Do you feel strongly about a local issue which you think local politicians and aspirants for the Houses of Parliament are keeping quiet about until after the General Election?

Then why not take one of the many opportunities to ask a question of the candidates?

The newspapers have published the venues, starting with Kirkbymoorside Methodist Church this coming Thursday evening.

In addition to large environmental issues, there are locally plenty of topics for you to put forward: the imminent threats to TICs (Tourist Information Centres), to subsidised bus services, children’s and youth services and libraries.

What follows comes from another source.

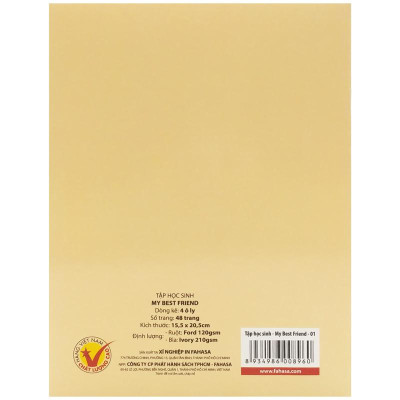 Combo 5 Tập Học Sinh My Best Friend - 4 Ô Ly 48 Trang 120gsm - Fahasa 5341 (Mẫu Bìa Giao Ngẫu Nhiên)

On Saturday morning in one of coastal/Ryedale libraries, a sizeable group enjoyed a talk by a local author whose entertaining book topics include Rocks and Landscapes and The Floating Egg. His talk was a seemingly harmless tale of his customer service experiences in libraries. In this very library, I once bought a second-hand book, A Librarian’s Odyssey.

The writer’s adult life was as a Yorkshire wartime soldier in Norton and Malton (cricket when off duty), who, post-war, rose from local authority libraries to the Westminster City librarian and MCC libraries. In our seemingly topsy-turvy world we are urged to attend non-traditional libraries in phone boxes, pubs, village halls.

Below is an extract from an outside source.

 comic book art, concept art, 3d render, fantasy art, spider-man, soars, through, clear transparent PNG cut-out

Equally eccentric is a government survey (Dept for Culture Media and Sport 2014) which attempts to quantify how happy different activities –including dance, swimming and libraries – make us. In the case of the libraries the uplift apparently is equivalent to a £1,359 pay rise. Fight for them please.

Improbable Libraries is published by Thames and Hudson, search for the government report online, and A Librarian’s Odyssey may be available too.